Joy, you say you’re a communication designer. What does that mean?

JS: Design isn’t only about making things look cool. Sometimes you’re starting earlier in the process, where you’re trying to help a client articulate their brand attributes and why their brand is relevant to the people they’re trying to talk to or connect with.

Do a lot of clients live under the assumption that they should bring the designer in at the end a project to add the fancy veneer?

JS: Some do. It depends on the scope of what needs to be done. I’m pretty lucky that I work with people who understand a little more about what I can bring to the table. It takes a lot of work to develop a decent communication strategy. Making it look cool is the easy part.

What does it mean to be a designer? What’s at the essence of what you’re trying to do in your daily work?

JS: You’re trying to help somebody connect with their constituency. At the end of the day, design just helps you communicate better.

That’s a good tagline. I don’t hear many designers saying that explicitly.

JS: They don’t articulate it well, I think, because it’s easy to get bogged down in jargon. Starting with what. What are you trying to communicate? Your brand? Your product? Your values? Your data? And with whom? Externally, you have constituents; internally, you need to get your team to “drink the Kool-Aid,” so that they can be good representatives of the brand. Where are you trying to communicate, online or off? Your users may be trying to accomplish different things depending on if they’re online or off.

Why do you need to communicate it? Are you trying to change behavior? Are you trying to grow a relationship? Are you just trying to report the quarterly results of your funds? Are you trying to explain or entertain?

Basically, as a designer, I’m gathering as much information as I can, trying to understand the parameters.
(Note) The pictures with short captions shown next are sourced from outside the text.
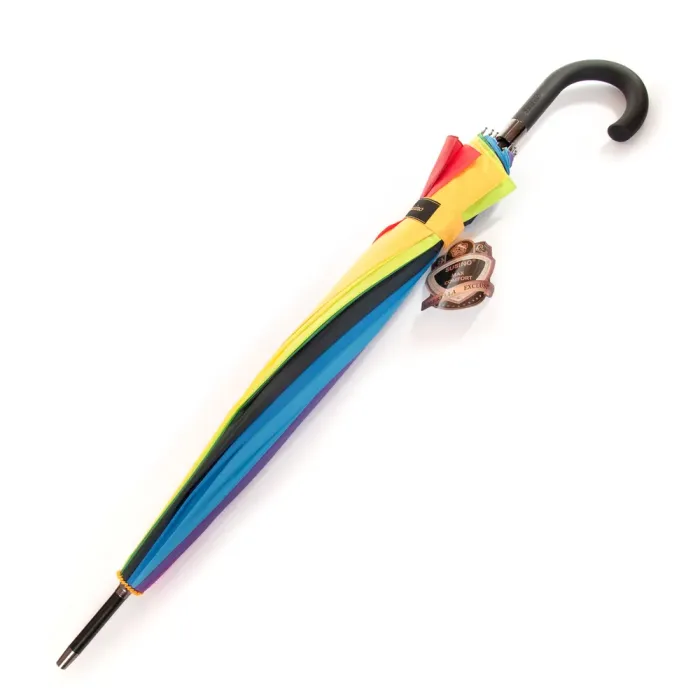 Зонт Трость Женская полиэстер Susino 31089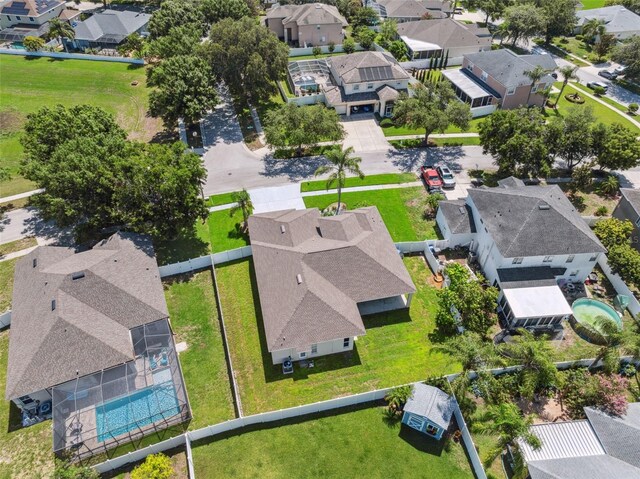 2816 Pankaw Ln, Valrico, FL 33596 - photo 52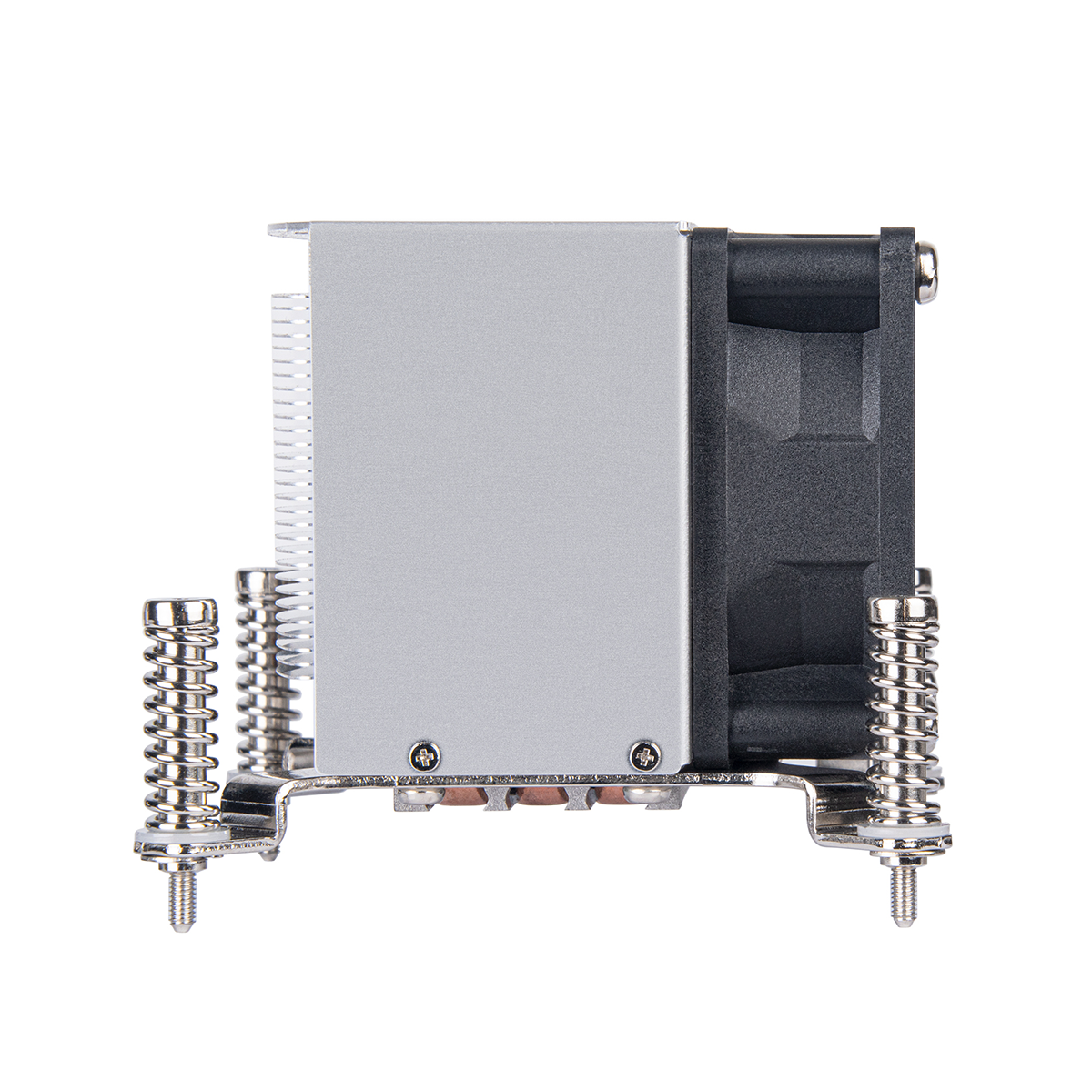 Silverstone AR09-1700 2U Server CPU Thermal Solution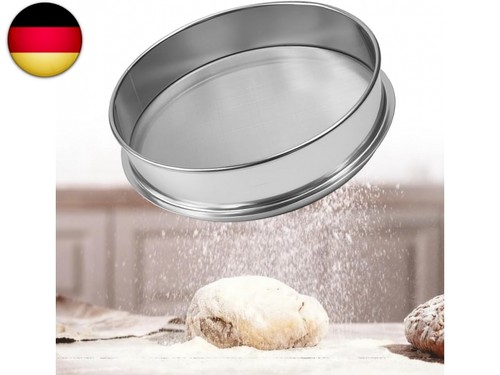 Feinsieb küche mesh - küche, 20cm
On a website like tompeters.com, the parameters include basic limitations such as the page structure (the size of the header, etc.). There’s a timeline and a budget. So, you sift through all this stuff and end up connecting the dots. You find out things that lead you to some sort of a strategy or an approach. Then you make it look cool.

Right. Full disclosure here, you design the banners at tompeters.com. So when you design something for Tom’s site, you want it to reflect Tom’s personality, right?

JS: Right. With more corporate kinds of communications, you’re trying to acknowledge the audience in a different way than with Tom’s audience. Tom’s audience consists of fans, so what he can put out there is a reflection of him. It doesn’t have to be so much a reflection of him plus them, necessarily.

Got it. You design corporate reports as well.

JS: Melinda [Cross] my writing partner, and I just finished a brand launch for a market research firm in New York, Radius. We did identity development, website, all their printed identity materials, and ads.

That sounds like fun.

JS: Really fun. You have to figure out what people are thinking when they’re shopping for a market research firm, and why they’d choose this one. You’re addressing the potential client’s situation and mindset more directly than you are with something like Tom’s site. His banners are these little narratives about what’s going on in Tom’s world versus his clients’ world.

Right. Would you say you have a design philosophy?

JS: It’s about helping people communicate better. And for me, it has to be something I can believe in. I can’t fully act on behalf of a client if they’re selling cigarettes, for example.

I’m so glad to hear that. I’ve been on a rampage recently because I read about someone celebrating landing a marketing gig with Quiznos. I’m not sure that what Quiznos serves can actually be called food. The celebrating had to be all about the money, because it couldn’t have been about the quality of the product.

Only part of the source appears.